I thought it was Nani's own fault. He went to ground and made out he was hurt despite him having the foot up. He gave the ref time to think about it. If he'd have jumped up straight away he'd have probably only got a yellow. It brings back the arguement for a sin bin, a 10 minute sending off would have been fair. It was dangerous but not intentional.
There's a massive difference between the Torres kick and the Nani one. Torres was looking exactly where he was going and it looks far more intentional, as his leg went up very late. As the replays of Nani's showed, he had his eyes on the ball, and his leg was raised for a long time, in an attempt to control the ball. - at which point he then unluckily caught the RM player. Yes it was as a dangerous height, but a red was very harsh. There are high challenges on a regular basis, far worse than that, with all considered.

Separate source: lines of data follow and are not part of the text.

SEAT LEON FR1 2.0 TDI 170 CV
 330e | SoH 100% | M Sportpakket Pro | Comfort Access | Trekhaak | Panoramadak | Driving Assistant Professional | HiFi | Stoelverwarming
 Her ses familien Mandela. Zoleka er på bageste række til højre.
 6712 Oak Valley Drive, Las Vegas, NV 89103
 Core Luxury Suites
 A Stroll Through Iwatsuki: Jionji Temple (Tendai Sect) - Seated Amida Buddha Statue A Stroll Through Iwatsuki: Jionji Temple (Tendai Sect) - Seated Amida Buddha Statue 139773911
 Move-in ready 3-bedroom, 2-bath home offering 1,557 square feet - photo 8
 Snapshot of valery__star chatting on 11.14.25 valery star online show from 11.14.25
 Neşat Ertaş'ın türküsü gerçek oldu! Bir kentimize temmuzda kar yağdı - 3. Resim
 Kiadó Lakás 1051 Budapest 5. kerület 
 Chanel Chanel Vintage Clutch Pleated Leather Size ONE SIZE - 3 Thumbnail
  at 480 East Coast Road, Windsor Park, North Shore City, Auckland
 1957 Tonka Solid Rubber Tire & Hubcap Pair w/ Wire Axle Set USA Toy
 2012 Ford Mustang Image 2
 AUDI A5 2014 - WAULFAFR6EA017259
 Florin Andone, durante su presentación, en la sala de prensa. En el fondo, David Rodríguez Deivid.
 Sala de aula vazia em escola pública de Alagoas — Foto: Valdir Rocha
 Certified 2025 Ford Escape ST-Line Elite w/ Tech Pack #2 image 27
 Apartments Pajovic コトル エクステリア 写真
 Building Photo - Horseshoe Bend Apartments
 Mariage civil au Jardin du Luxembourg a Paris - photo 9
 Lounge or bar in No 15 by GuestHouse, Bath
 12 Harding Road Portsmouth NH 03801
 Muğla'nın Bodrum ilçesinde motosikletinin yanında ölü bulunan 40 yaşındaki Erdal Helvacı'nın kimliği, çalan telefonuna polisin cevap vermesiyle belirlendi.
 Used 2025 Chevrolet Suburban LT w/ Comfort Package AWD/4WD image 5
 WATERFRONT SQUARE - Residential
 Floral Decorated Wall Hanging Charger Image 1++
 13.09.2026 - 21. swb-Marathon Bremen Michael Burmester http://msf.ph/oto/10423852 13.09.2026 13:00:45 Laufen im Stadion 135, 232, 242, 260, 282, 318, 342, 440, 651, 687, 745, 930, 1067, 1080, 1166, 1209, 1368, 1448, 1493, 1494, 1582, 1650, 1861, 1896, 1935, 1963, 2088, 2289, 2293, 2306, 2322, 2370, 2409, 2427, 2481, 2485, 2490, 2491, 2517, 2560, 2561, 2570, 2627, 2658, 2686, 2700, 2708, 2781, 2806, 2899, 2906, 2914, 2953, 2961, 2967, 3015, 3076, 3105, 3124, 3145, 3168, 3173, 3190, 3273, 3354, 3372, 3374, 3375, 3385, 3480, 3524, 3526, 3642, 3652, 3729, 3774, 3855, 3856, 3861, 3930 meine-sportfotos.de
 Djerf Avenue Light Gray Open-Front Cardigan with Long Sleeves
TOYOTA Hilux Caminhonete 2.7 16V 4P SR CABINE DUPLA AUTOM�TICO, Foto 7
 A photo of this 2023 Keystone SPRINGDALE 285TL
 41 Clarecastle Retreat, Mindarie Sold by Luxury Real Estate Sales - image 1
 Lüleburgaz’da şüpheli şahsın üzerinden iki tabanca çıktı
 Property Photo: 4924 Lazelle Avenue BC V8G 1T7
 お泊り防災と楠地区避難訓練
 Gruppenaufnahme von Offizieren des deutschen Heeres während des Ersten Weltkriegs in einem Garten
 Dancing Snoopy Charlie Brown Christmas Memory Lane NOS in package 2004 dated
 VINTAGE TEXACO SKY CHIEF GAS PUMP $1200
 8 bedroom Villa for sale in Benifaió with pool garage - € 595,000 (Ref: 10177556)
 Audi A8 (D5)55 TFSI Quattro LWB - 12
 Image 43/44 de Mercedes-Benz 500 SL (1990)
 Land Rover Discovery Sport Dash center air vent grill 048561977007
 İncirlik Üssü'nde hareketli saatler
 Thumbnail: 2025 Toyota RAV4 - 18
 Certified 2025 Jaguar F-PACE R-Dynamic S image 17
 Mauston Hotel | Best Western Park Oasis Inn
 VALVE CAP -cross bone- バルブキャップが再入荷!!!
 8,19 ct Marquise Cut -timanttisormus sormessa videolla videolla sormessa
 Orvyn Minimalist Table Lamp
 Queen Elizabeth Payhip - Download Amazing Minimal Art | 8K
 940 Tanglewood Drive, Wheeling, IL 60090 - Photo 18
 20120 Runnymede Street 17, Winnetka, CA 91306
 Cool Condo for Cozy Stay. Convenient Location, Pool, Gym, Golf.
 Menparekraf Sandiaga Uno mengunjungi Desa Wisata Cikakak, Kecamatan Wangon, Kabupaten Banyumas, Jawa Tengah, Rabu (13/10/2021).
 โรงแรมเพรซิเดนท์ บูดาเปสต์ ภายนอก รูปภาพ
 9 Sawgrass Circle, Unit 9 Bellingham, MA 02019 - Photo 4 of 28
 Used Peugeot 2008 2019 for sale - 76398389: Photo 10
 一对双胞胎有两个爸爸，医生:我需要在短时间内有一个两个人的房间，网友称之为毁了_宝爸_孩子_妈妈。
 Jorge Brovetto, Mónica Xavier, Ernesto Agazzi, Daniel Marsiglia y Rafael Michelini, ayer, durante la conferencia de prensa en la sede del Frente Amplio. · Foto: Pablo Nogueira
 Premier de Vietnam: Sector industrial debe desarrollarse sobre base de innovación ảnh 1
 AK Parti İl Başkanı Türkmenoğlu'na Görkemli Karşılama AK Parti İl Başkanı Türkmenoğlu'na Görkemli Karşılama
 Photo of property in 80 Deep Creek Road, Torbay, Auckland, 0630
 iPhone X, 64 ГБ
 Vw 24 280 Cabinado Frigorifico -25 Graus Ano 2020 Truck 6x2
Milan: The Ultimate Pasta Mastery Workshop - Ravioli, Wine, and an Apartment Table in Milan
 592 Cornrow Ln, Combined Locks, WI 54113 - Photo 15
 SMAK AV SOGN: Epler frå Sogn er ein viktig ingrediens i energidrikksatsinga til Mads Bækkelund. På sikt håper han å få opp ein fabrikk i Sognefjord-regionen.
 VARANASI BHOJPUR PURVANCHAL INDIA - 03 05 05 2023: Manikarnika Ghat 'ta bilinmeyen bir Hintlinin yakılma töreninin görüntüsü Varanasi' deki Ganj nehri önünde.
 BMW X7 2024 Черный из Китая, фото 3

Back to the League for United then, 6 more points for the Mancs and save the biggest upset ever in Munich and we can celebrate St Wunuffincks Day. I was thinking about making a cake with plenty of Tiers and an empty trophy cabinet on the top.
Players frequently raise their legs above waist height- remember Rooney's overhead kick v City, di Canio's goal, Yeboah's volley- in fact many of the most memorable acrobatic goals in recent times. Raising your leg isn't automatically dangerous. One step nearer a non-contact sport.
I just think that if that's the way the game is going, we will all be watching some anodyne version of it fairly soon. It's a natural reaction to go for the ball - especially in an apparent open space, like that. No player is going to think "oh, I'd better not raise my leg in case an opposition player, that I can't even see, might come in for it" Bloody ridiculous, IMO.
They are all shots on goal...many times a player gets kicked with an air shot whilst missing the ball...rarely is that a booking and rightly so..
His studs were raised. By the letter of the law he walks. Ade did the same against the goons earlier in the season and he caught the guy in the air, no way have could have done any damage based on the laws of physics but he still had to walk. It ruined the game. In both cases a sin-bin would have been a more sensible solution.
That picture of United players ganging up on the ref showed what United have been getting away with for many,many years.....and who teaches them this?.....why the manager of course! Not much different from Revie's Leeds!!!! I admired Busby,but Fergie can take a running jump!
Somebody ought to send that to Platini. I'm sure he will quickly find a convenient carpet to sweep it under!..
Varane looked a bit dodgy in the first leg, but he was excellent tonight. There were plenty of balls into the Real box which he got to first, otherwise I think Utd could have beaten them regardless of the ref's intervention.
Varane has been absolute class for his last few games, if he keeps progressing the way he has he will become the best defender in Europe. EDIT........very soon!
Just been walking home listening to TalkShite until I got bored with the sob stories of a string of ManU supporters, non of which were (of course) remotely from anywhere near Manchester. It was entertaining for a while. I don't see a similar amount of time being given to supporters of teams who get decisions given against them when they play ManU. Plus their manager has to go on air and/or to the press conference or get fined. So its kind of refreshing when it happens to ManU! The other point is that I didn't see the incident but from the way people were going on I was sure it was going to be a clear cut wrong decision, but now I see it I don't think it's clear cut at all, and I am not *surprised* about the red card being given for that challenge (even though I think the decision is wrong). I also understand that Real had a possible good goal disallowed. Does that not count then? I mean only the decisions that go against ManU need be disputed?